=== Exercise data ===

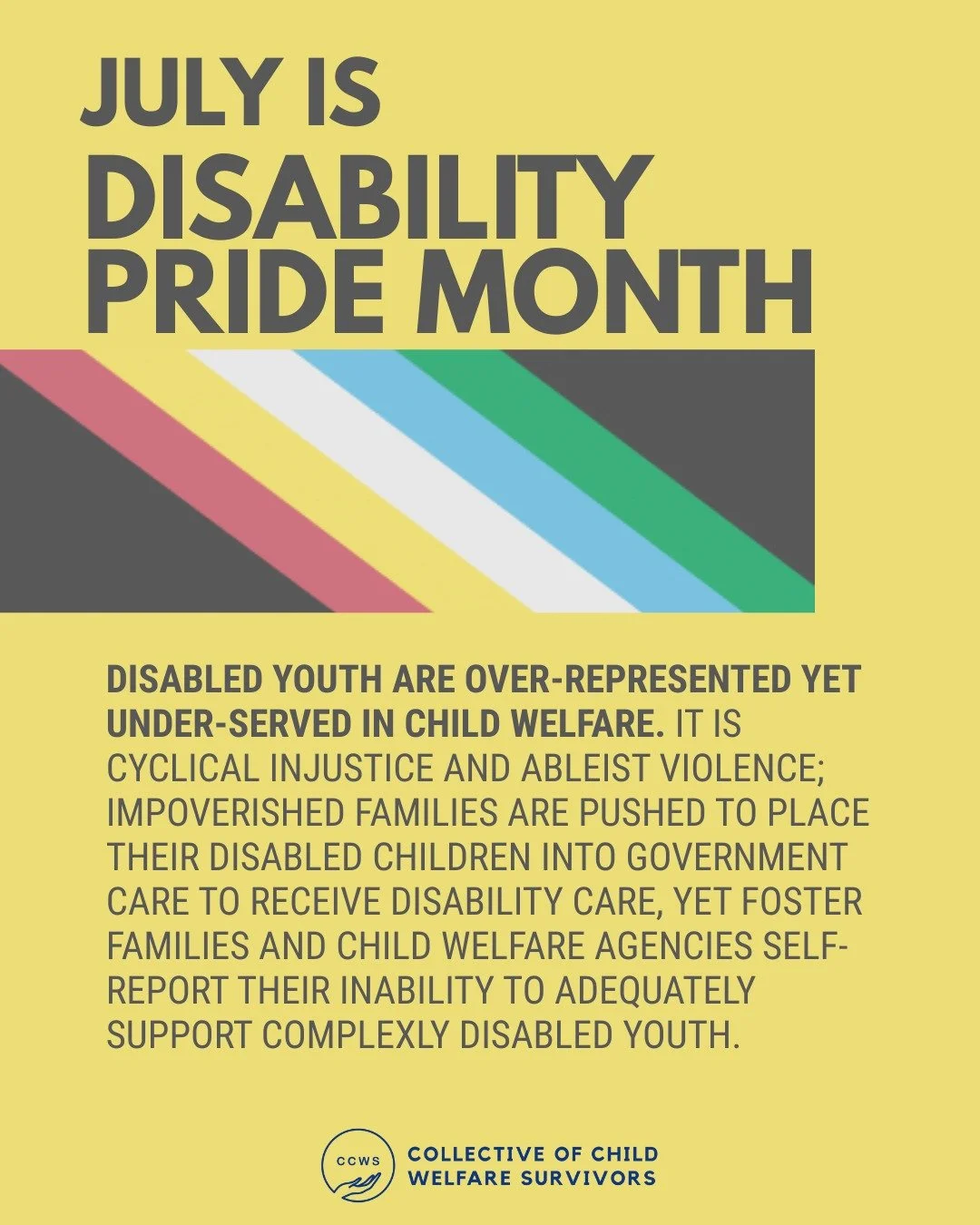 July is Disability Pride Month. The Disabled Pride Flag colours represent: 

🖤 Mourning for victims of ableist violence and abuse 
❤️ Physical disabilities 
💛 Neurodivergence 
🤍 Invisible and undiagnosed disabilities 
💙 Psychiatric disabilities 
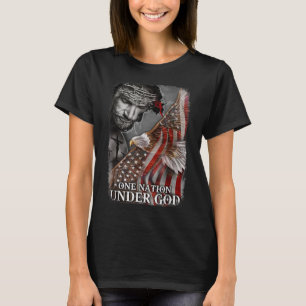 En nation under Jesus Kristna Eagle America T Shirt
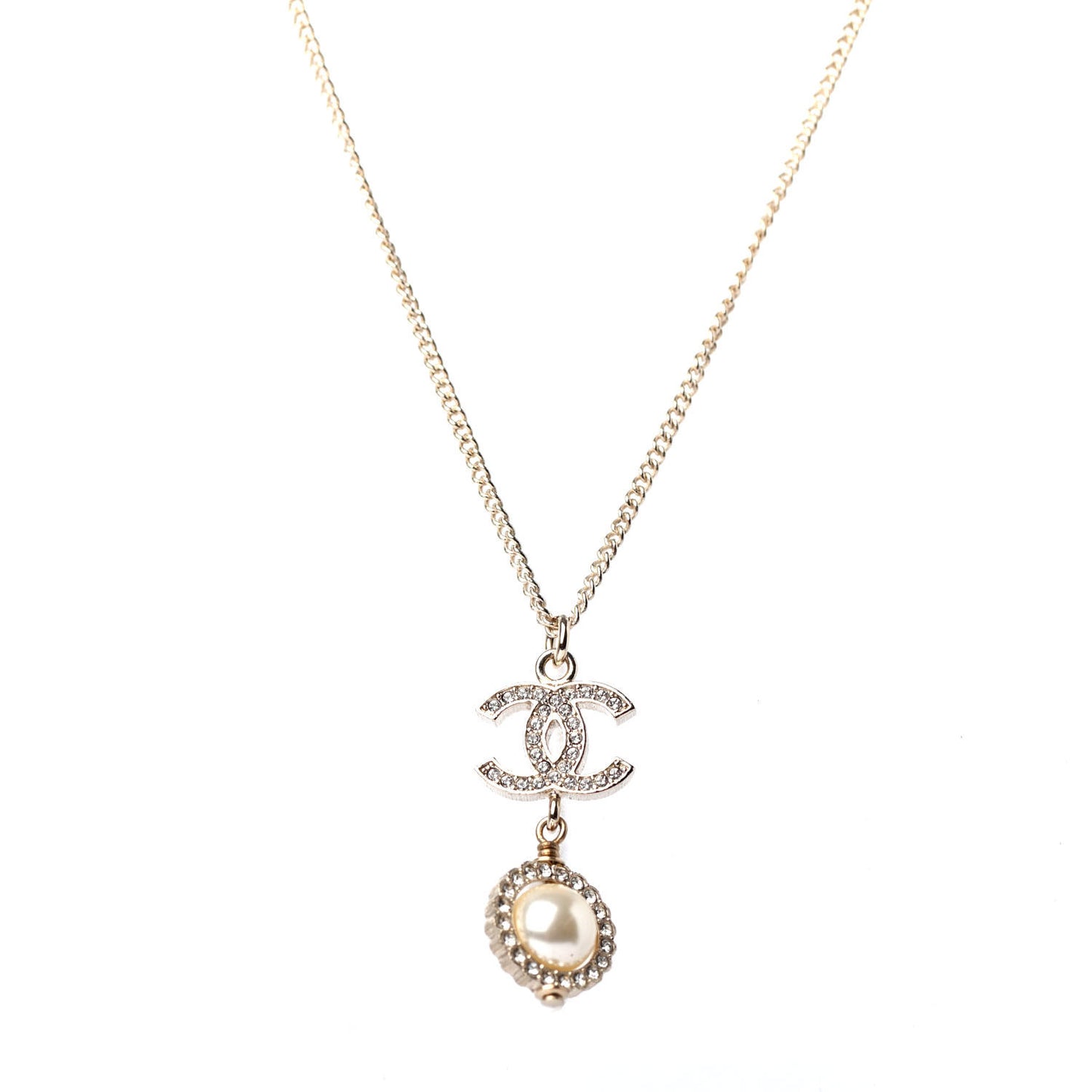 Crystal Pearl CC Lace Camellia Necklace Gold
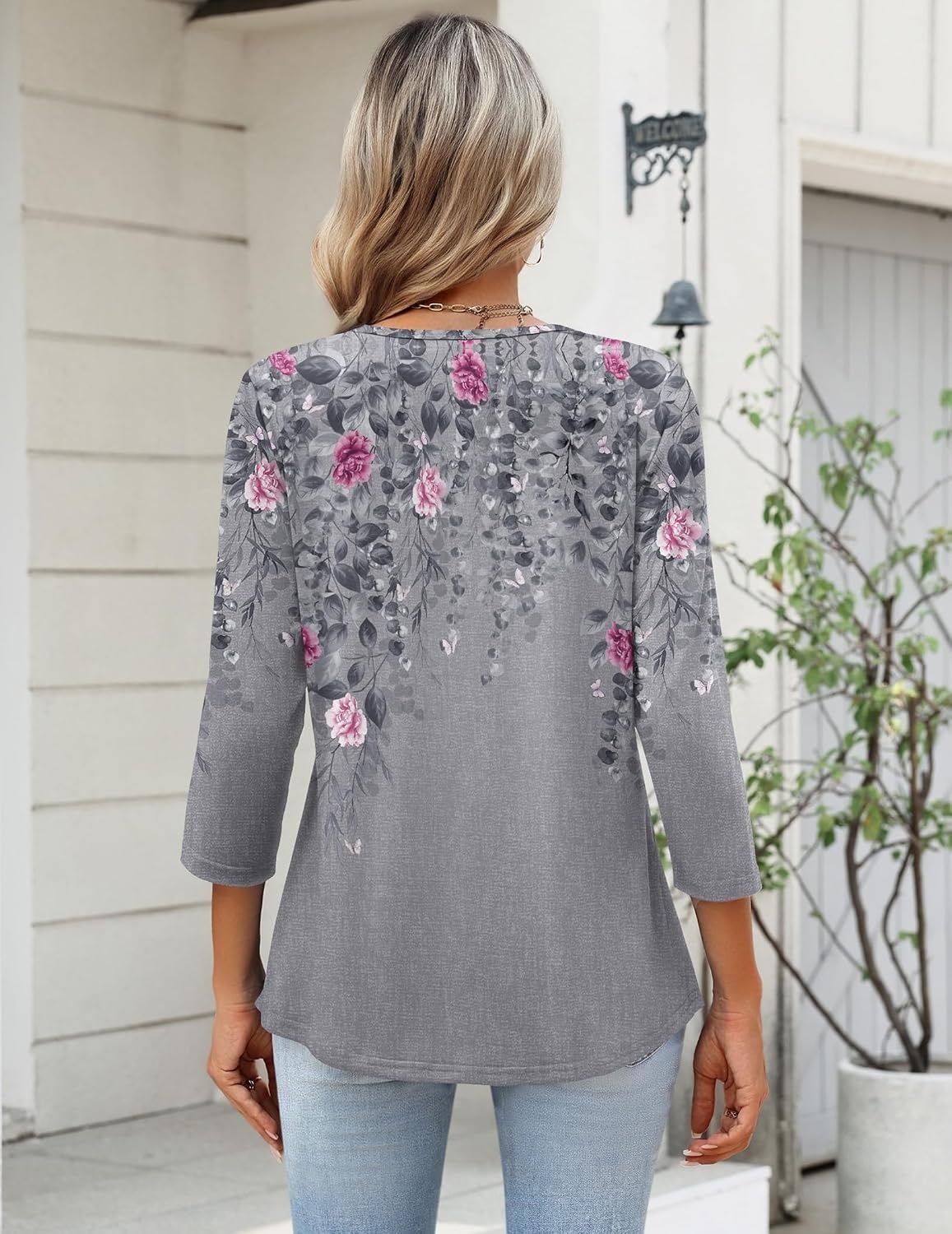 image:imageZeagoo Womens 34 Length Sleeve Tops V Neck Dressy Casual T Shirts Pleated Business Work Blouses Basic Tees S3XLHf36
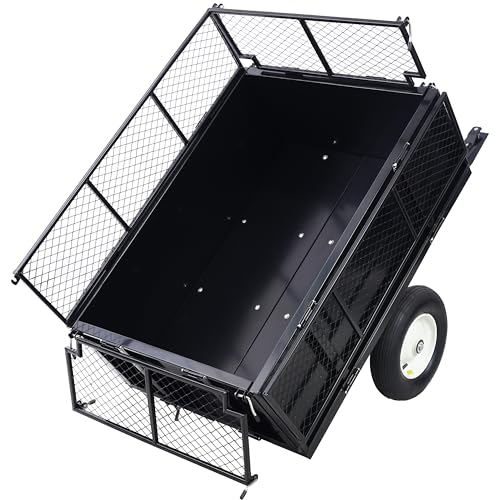 ATV Trailer Steel Dump Cart, 750lbs 22 Cubic Feet Utility Trailer with Removable Sides J8868
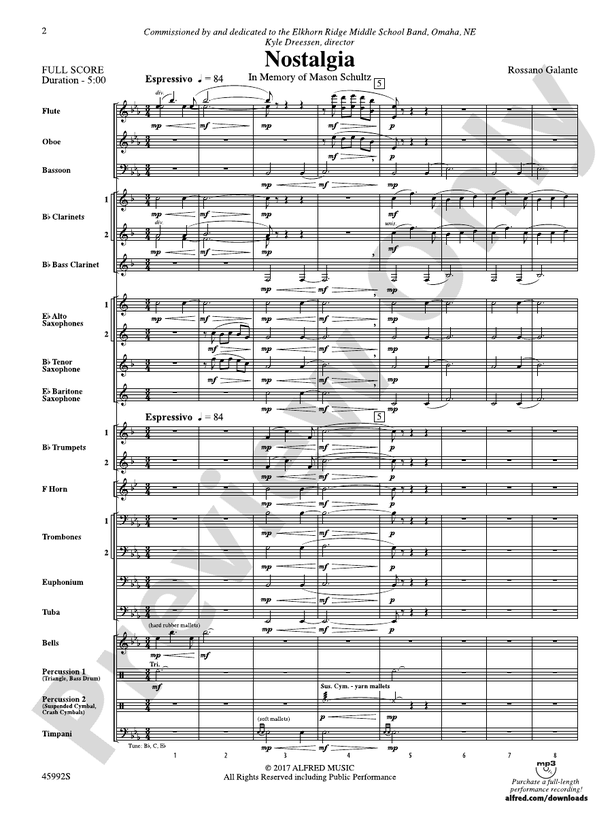 Nostalgia Score Concert Band Score Digital Sheet Music Download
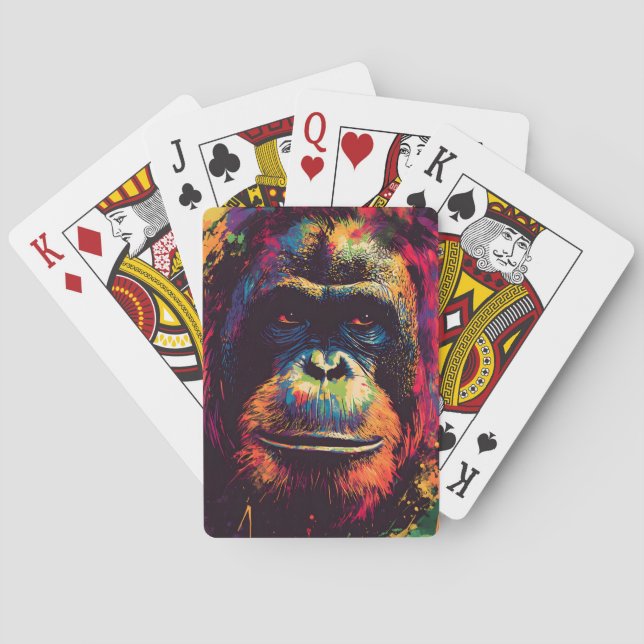 Wild Graffiti Urban Jungle Gorilla Spielkarten (Rückseite)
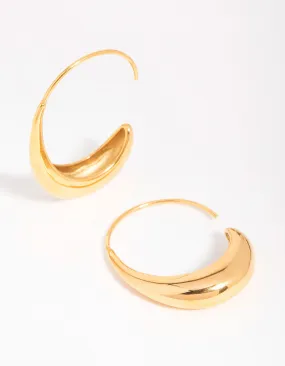 Waterproof Gold Plated Stainless Steel Thick Half Hoop Earrings Linear Embellishment Chic Embellishment
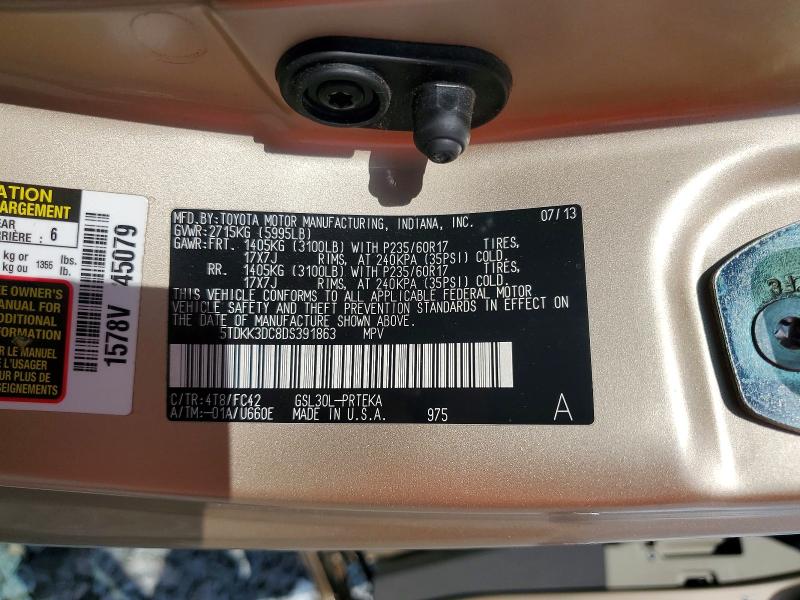 2013 Toyota Sienna მანქანა იყიდება აუქციონზე, vin: 5TDKK3DC8DS391863, აუქციონის ნომერი: 60715676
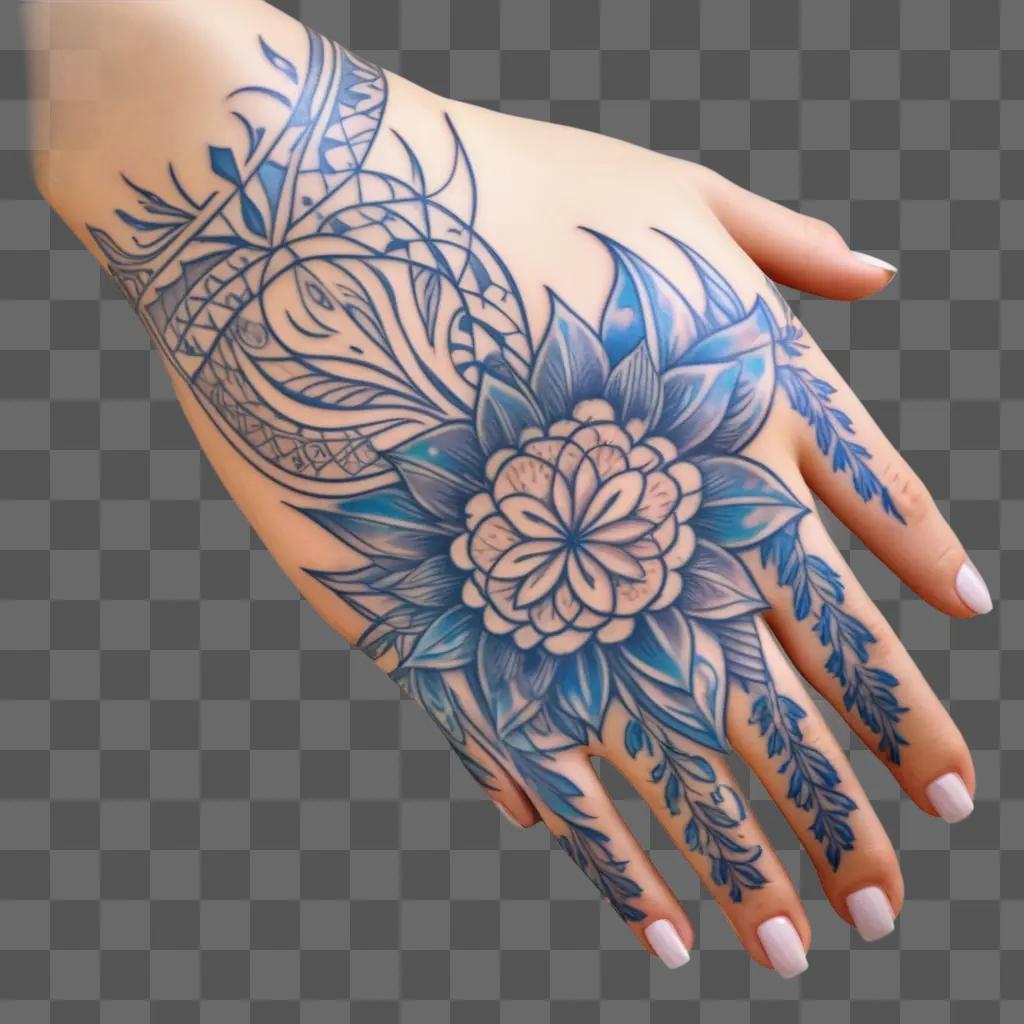 tattooed hand with a flower on the wrist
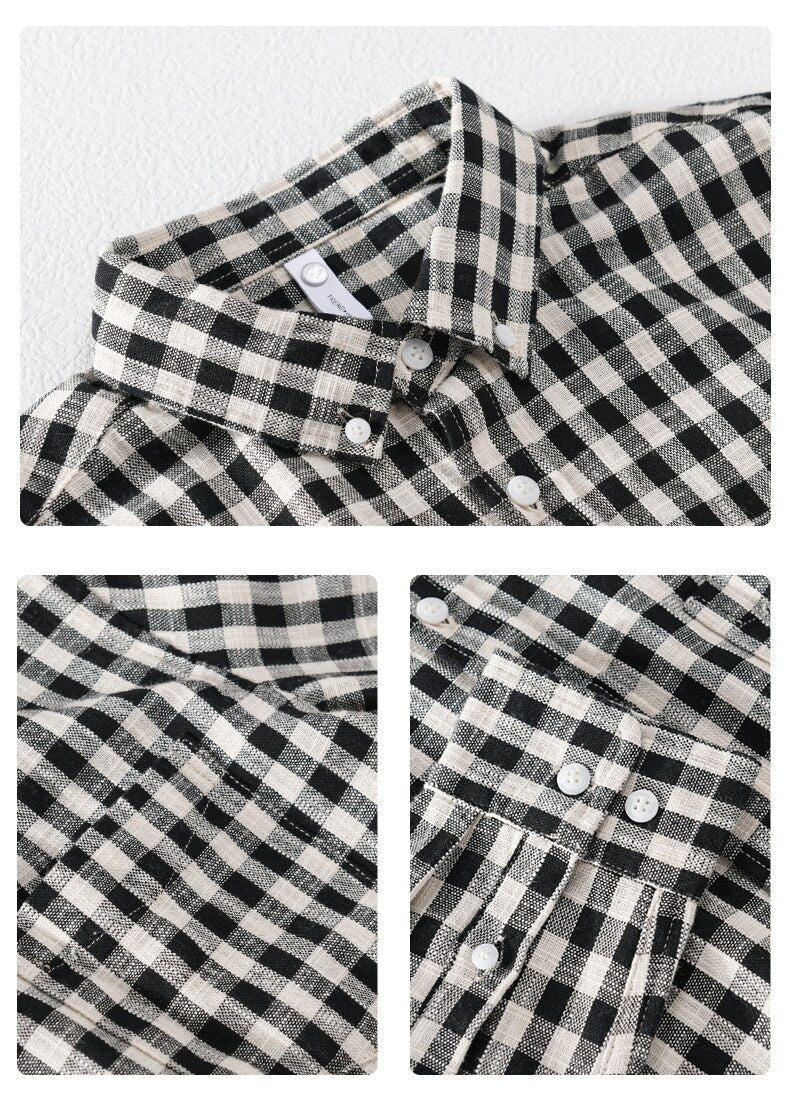Chemise décontractée à carreaux 100 % coton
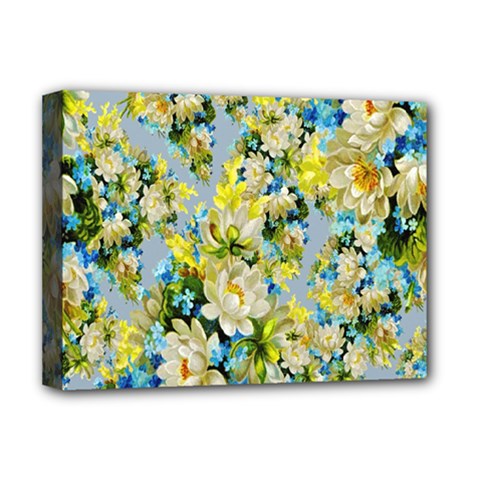 Background-flower White Deluxe Canvas 16  X 12  (stretched)  by nateshop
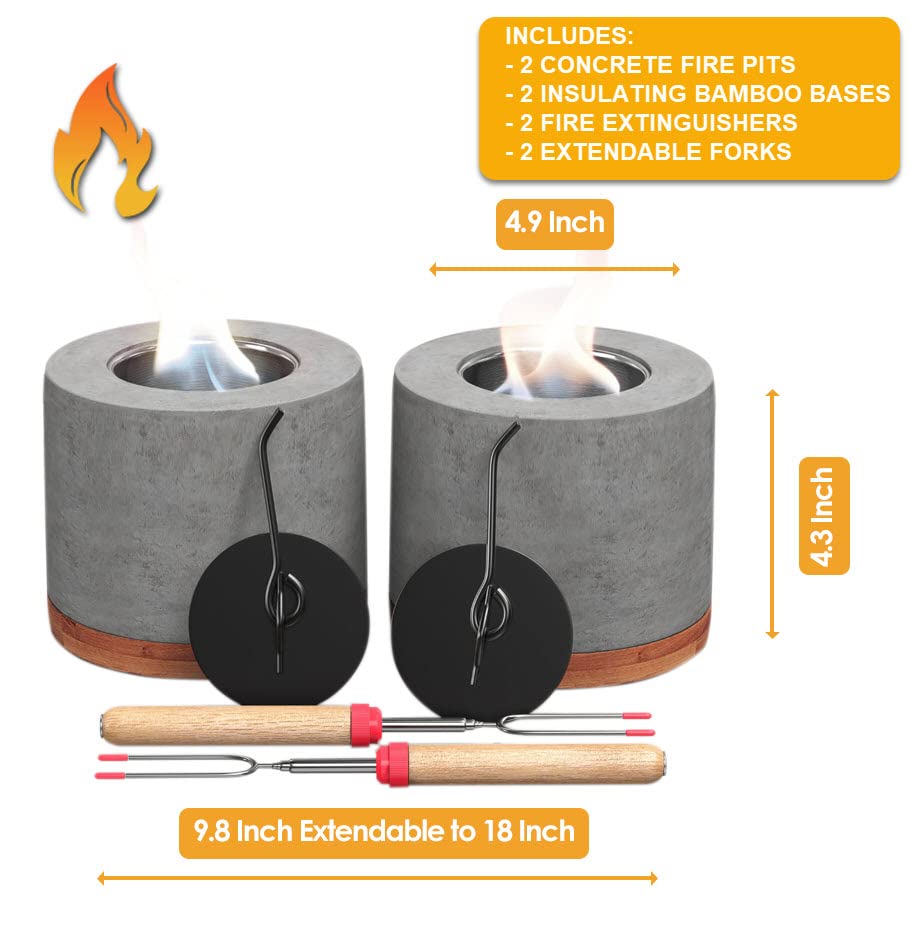2 Pack Concrete Tabletop Fire Pit with Bamboo Base O169160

===

Could you set down exactly, and only, the lines from the line containing "Waterproof Gold Plated" through the last line of the records, both included, without the pictures?

Written solution:
 Waterproof Gold Plated Stainless Steel Thick Half Hoop Earrings Linear Embellishment Chic Embellishment
 2013 Toyota Sienna მანქანა იყიდება აუქციონზე, vin: 5TDKK3DC8DS391863, აუქციონის ნომერი: 60715676
 tattooed hand with a flower on the wrist
Chemise décontractée à carreaux 100 % coton
 Background-flower White Deluxe Canvas 16  X 12  (stretched)  by nateshop
2 Pack Concrete Tabletop Fire Pit with Bamboo Base O169160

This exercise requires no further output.